USDDs were tested during an experimental campaign conducted at SISLab, the Engineering Structural Laboratory of the University of Basilicata (Potenza, South Italy). It was subjected to cyclic tests, carried out in a quasi-static regime with a displacement velocity v= 5 mm/s, having an increasing horizontal displacement according to the EN 15129 2018. Results on experimental tests and a numerical model based on the USDD are documented in the works of Braga et al. (2019) and Coniglio et al. (2025). Specifically, 3 groups of cycles were applied, having the maximum displacement equal to 25%, 50% and 100% of the horizontal displacement imposed (equal to 333,33 mm) as shown in Fig. 3a. Fig. 3b illustrates the experimental results in terms of force-displacement imposed. It is evident that within each group of cycles, the force-displacement curve shows a negative slope in the first and third quadrants. This slope decreases as the number of cycles increases, probably due to steel hardening. a b

Fig. 3. (a) time-history displacement imposed during experimental tests; (b) cyclic results (Source: Coniglio et al., 2025)

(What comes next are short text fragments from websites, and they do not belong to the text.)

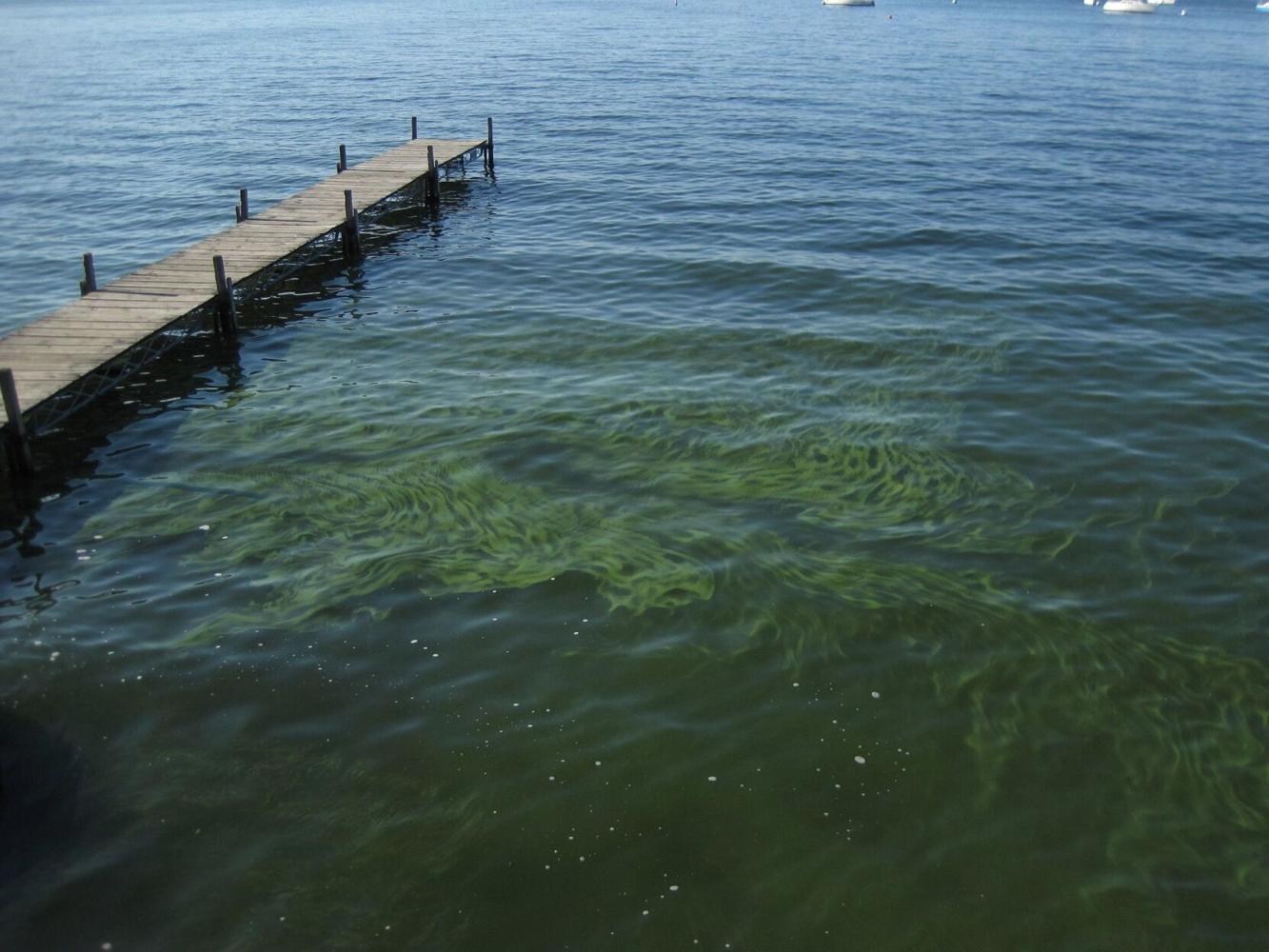 DNR Take action to reduce algae blooms in state's waterbodies Free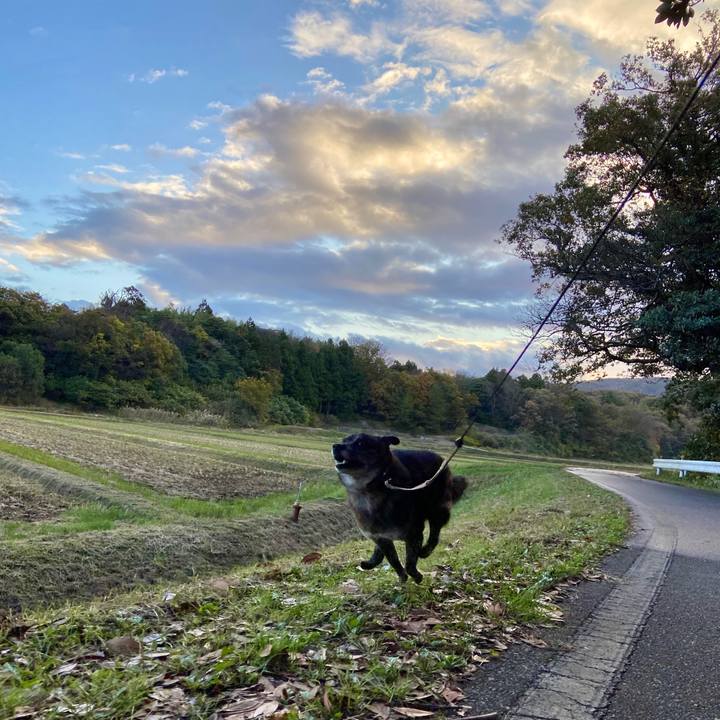 Dc20aceb 7970 4e6f a94a e4819f484c85 1604874560749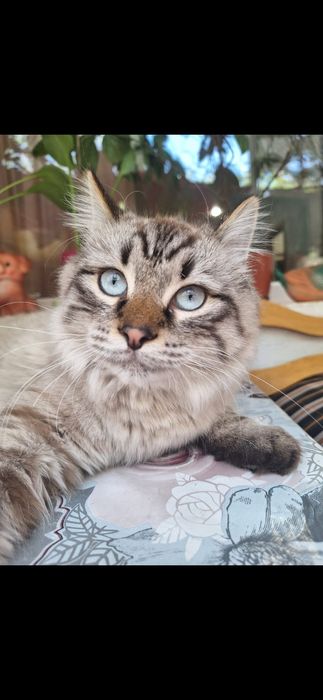 Котик бесплатно!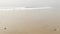 Sandy misty beach California USA. Pacific ocean coast, dense fog on sea shore. Waves in brume haze.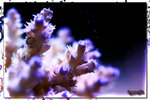 PNG0010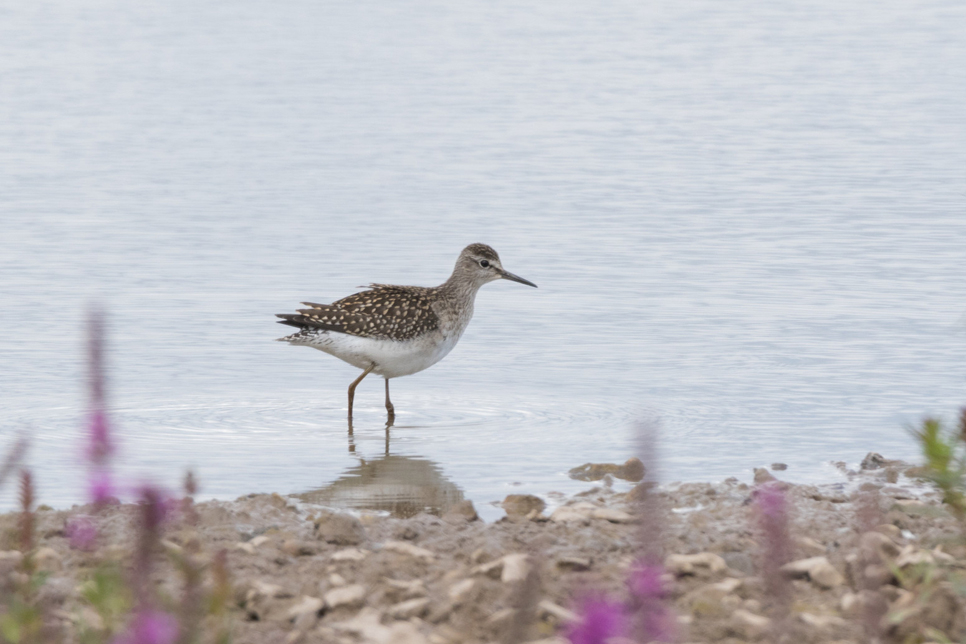 Wood sandpiper 966x644.jpg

3. FEM model validated with experimental tests In Midas FEA NX, the numerical model was developed with the Construction Stages (CSs) method. This model incorporates non-linearities from both the USFPs stainless steel and contact and geometric elements, by not assuming small displacements. It is worth noting that the numerical model considered for this research incorporates all construction stages of the USFPs, including bending phases (Fig. 4), obtained by applying the rigid mandrel on the two undeformed USFPs (Fig. 4a). This ensures that the initial conditions of the USFPs at the beginning of the tests are accurately represented. Shell elements are used for modelling the mandrel and USFPs while the steel mold is modelled through two pinned supports that allow the outer plate to slide only in the horizontal direction when bending is applied. Moreover, contact conditions are assigned to the shell surfaces to inhibit penetration between the elements during the analysis, while considering only the impact friction between them. Following the mandrel's action, a horizontal shift occurs during an overbending phase (along the Y-axis, Fig. 4b). This ensures that once the mandrel is removed, the material springs back, leaving the straight sections of the UFSPs parallel, as in Fig. 4c.